Without pictures, output exactly the lines running from the line containing "Koala Lights Arista" to the end of the listing below.

**PROVIDED DATA**
==========

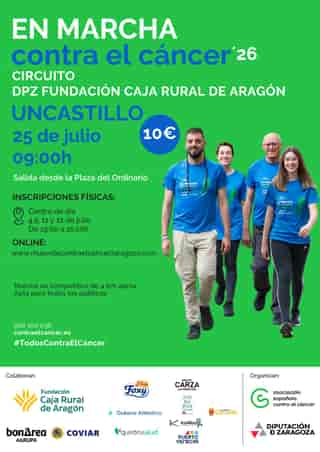 EN MARCHA CONTRA EL CÁNCER UNCASTILLO en Uncastillo (4km)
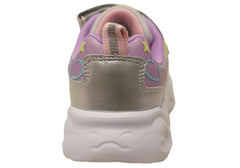 Koala Lights Arista Comfortable Girls Kids Light Up Shoes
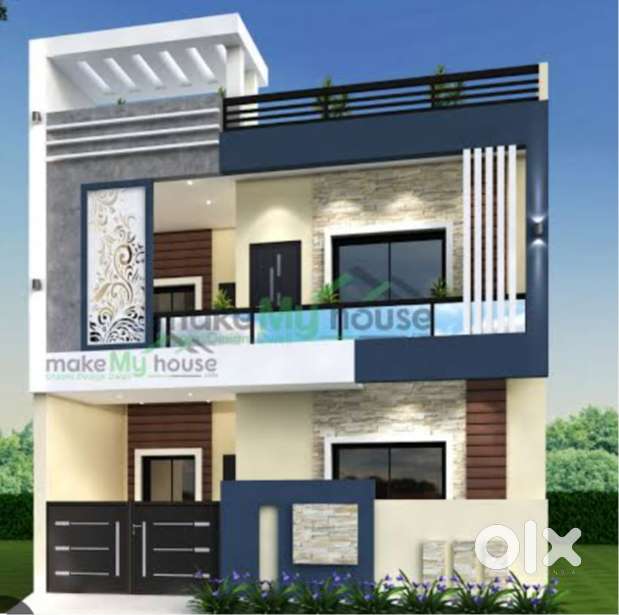 Studio flat with attached bathroom and kitchen with spacious balcony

==========

**TASK OUTPUT**
 Koala Lights Arista Comfortable Girls Kids Light Up Shoes
 Studio flat with attached bathroom and kitchen with spacious balcony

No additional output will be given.